Apa ukuran sukses seorang akuntan, dan bagaimana cara mengukurnya?

Sebagai analogi, mari kita lihat terlebih dahulu, apa ukuran sukses perusahaan dan bagaimana cara mengukurnya, baru kemudia masuk ke ukuran sukses akuntan dan cara mengukurnya.

Ukuran Sukses Perusahaan Dan Cara Mengukurnya

Ukuran sukses suatu perusahaan adalah berhahasil-atau-tidaknya mencapai tujuannya—yang lumrah disebut “kinerja perusahaan”.

Jika kita gali lebih jauh, tujuan suatu perusahaan pada umumnya hanya satu, luas dan bersifat normative—yang biasanya disebut sebagai “tujuan utama”. Menakar sesuatu yang luas, umum dan besifat normative adalah sulit, untuk itu maka perlu diuraikan menjadi tujuan-tujuan yang lebih kecil, lebih spesifik, sehingga menjadi lebih terukur.

Tujuan utama perusahaan, dimana-mana, setahu saya, nyaris sama.
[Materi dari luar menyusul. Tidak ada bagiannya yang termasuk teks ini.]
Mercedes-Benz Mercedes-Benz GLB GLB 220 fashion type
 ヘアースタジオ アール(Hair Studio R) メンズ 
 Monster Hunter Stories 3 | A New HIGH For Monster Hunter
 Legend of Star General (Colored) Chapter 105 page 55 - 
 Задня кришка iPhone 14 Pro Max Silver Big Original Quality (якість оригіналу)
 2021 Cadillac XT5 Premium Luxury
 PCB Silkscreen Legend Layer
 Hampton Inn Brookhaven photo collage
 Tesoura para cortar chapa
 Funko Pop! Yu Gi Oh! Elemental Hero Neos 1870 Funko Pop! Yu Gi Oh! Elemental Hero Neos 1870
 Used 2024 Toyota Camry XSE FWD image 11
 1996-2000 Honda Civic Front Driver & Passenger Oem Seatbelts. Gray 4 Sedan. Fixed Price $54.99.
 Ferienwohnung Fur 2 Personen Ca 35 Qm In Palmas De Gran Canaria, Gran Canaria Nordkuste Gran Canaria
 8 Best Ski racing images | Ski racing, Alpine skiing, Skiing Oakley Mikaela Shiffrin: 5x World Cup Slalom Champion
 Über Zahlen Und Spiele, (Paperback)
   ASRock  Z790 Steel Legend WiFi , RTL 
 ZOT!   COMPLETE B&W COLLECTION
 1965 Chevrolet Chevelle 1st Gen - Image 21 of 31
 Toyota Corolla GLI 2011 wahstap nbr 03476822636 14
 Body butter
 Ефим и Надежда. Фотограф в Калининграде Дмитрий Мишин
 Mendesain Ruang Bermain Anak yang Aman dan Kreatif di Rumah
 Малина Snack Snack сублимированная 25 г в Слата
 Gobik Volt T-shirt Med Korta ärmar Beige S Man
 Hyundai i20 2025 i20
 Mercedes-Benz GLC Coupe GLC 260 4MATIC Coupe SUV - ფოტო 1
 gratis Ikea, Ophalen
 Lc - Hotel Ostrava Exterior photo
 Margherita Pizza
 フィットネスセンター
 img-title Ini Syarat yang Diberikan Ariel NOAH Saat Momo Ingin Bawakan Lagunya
Yang berbeda adalah tujuan-tujuan spesifiknya—sesuai dengan jenis dan sekala perusahaanya. Ukuran sukses dan kinerja di level inilah yang berbeda antara satu perusahaan dengan yang lainnya.

Dalam akuntansi, kinerja perusahaan—kemampuan merealisasikan tujuan-tujuan spesifiknya—diukur per periode (entah itu bulanan, kuartalan, semesteran, atau tahunan). Per periodenya diukur dengan 4 pendekatan utama:

  • Budgeted Vs Actual Financial Statements – Dikur dengan cara membandingkan budget laporan keuangan dengan laporan keuangan realisasi, di periode yang sama (misal: revenue di ‘budgeted financial statement’ 2012 dibandingkan dengan revenue yang tercantum di ‘Financial Statement’ 2012).
  • Vertical Analysis – Dibandingkan antara satu elemen dengan elemen lainnya, dalam laporan keuangan, di periode yang sama (misal: “gross profit margin” diukur dengan membandingkan antara revenue dengan gross profit).
  • Horizontal Analysis – Dibandingkan antara laporan keuangan di suatu periode dengan periode-periode sebelumnya, untuk item yang sama (misal: net profit margin antara tahun buku 2012 dengan 2011, dan 2010). Horizontal analysis kerap disebut “trend analysis“.
  • Benchmarking dan Scorecard – Membandingkan “Key Performance Indicator” (KPI), ROCE misalnya, antara apa yang dicapai oleh perusahaan dengan apa yang dicapai oleh perusahaan lain, dalam industri sejenis.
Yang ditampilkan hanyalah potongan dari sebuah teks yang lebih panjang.